[Records from a dataset]
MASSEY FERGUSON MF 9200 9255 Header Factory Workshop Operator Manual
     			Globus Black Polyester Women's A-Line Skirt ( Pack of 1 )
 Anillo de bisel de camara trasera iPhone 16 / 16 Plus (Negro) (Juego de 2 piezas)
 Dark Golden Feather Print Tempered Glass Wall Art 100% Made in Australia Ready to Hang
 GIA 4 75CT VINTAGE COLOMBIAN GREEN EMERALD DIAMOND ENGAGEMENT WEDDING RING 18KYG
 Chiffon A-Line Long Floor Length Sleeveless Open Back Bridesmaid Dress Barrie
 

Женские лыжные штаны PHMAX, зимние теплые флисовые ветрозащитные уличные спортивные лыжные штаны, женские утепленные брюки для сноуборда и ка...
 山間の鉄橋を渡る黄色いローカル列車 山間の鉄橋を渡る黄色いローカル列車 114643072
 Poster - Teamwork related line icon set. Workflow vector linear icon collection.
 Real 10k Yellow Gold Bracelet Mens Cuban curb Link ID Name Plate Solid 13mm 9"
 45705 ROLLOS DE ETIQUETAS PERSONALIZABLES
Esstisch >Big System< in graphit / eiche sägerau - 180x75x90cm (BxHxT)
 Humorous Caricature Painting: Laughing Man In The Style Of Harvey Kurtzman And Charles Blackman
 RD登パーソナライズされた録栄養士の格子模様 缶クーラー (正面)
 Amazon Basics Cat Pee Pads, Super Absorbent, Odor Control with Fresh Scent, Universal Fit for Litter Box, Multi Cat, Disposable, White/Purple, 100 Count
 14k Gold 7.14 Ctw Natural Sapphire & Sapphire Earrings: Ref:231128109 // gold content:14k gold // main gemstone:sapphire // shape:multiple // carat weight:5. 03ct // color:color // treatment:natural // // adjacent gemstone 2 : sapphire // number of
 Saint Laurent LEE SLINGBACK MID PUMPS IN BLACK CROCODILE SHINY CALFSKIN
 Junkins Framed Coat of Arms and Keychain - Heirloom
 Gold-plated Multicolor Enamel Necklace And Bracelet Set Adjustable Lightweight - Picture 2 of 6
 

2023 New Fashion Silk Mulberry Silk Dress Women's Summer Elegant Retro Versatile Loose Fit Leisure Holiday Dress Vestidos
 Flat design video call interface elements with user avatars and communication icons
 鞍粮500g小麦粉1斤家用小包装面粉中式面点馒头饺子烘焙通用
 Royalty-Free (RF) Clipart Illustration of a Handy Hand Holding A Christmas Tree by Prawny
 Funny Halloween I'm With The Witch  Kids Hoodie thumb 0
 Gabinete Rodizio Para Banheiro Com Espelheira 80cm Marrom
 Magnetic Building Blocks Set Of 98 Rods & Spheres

**EXERCISE INSTRUCTIONS**
Give the lines again, exactly as they stand, from the beginning of the data through the line with "Dark Golden Feather".

**THE ANSWER**
MASSEY FERGUSON MF 9200 9255 Header Factory Workshop Operator Manual
     			Globus Black Polyester Women's A-Line Skirt ( Pack of 1 )
 Anillo de bisel de camara trasera iPhone 16 / 16 Plus (Negro) (Juego de 2 piezas)
 Dark Golden Feather Print Tempered Glass Wall Art 100% Made in Australia Ready to Hang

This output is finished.